Principles of Minimum Potential Action and Stationary Complementary Action With Dual and Triple Mixed Variables for Linear Elastodynamics of Finite Displacement Theory and the Application

doi: 10.21656/1000-0887.380005
  • Received Date: 2017-01-05
  • Rev Recd Date: 2017-05-13
  • Publish Date: 2017-12-15
  • 2 new concepts, potential action and complementary action, were first introduced into the variational principles for linear elastodynamics. On the basis of the concept of potential action, the principle of minimum action (Hamilton’s principle) was renamed to the principle of minimum potential action. In terms of the concept of complementary action, the principle of stationary complementary action was proposed for the first time.
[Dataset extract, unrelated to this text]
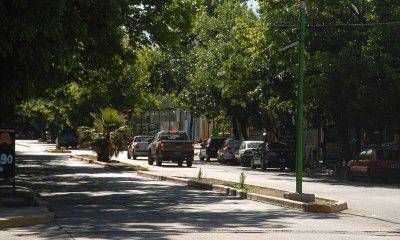 Una red de cloacas colaps� y un olor nauseabundo invadi� una de las principales calles de Luj�n de Cuyo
Next, the principles of minimum potential action and stationary complementary action with dual mixed variables of displacement and stress were derived in view of the boundary condition changes by means of the reciprocal theorem. And then, through the application of the relations between the strain energy density and the complementary energy density to the above 2 principles with dual mixed variables, the principles of potential action and complementary action with triple mixed variables of displacement, stress and strain were derived. Finally, the generalized principles of potential action and complementary action were given with the Lagrange multiplier method, in the meantime, the principle of minimum potential action with dual mixed variables of large deflection beams was applied to the calculation of a bending cantilever beam under forced vibration.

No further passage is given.